I also started improvising through imagery with regular Butoh sessions, a form of Japanese dance theatre, again with two inspiring international dance artists and teachers, Paul Michael Henry and Minako Seki. 

 

I continue these practices along with Body-Mind Centering® techniques, which help release tension from my body, elevate feel-good hormones, and balance and harmonise the body systems. These benefits I also recognise and experience in my Kundalini Yoga practice.

A cosmic dance

 

Before entering a dance, I offer this proposition: Is kundalini moving us, or are we moving kundalini?

 

Yogic texts describe Shakti as the primal, creative force of the cosmos. It’s the pulse that flows through everything – from the stars to your heartbeat. 

 

Kundalini is a potent form of Shakti energy that lies dormant at the base of the spine, coiled like a serpent. We can use practices to gently awaken this energy and attend to its divine flow – spiralling, rising, falling, and landing softly in the body. 

 

When kundalini moves us, we dance with the whole universe.

 

To me, kundalini becomes the choreographer, the impulse. Improvisation is the expression.
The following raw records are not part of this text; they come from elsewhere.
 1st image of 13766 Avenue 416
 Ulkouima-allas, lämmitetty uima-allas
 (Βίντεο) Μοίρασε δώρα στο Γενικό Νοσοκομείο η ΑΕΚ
Here's one of my favourite poems, The Sacred Dance for Life, by Sufi poet Hafiz…

 

I sometimes forget that 

I was created for joy.

My mind is too busy.

My heart is too heavy.

Heavy for me to remember 

that I have been called to dance

the sacred dance for life.

I was created to smile

to love

to be lifted up

and lift others up.

O sacred one

untangle my feet

from all that ensnares.

Free my soul 

that we might dance

and that our dancing might be contagious.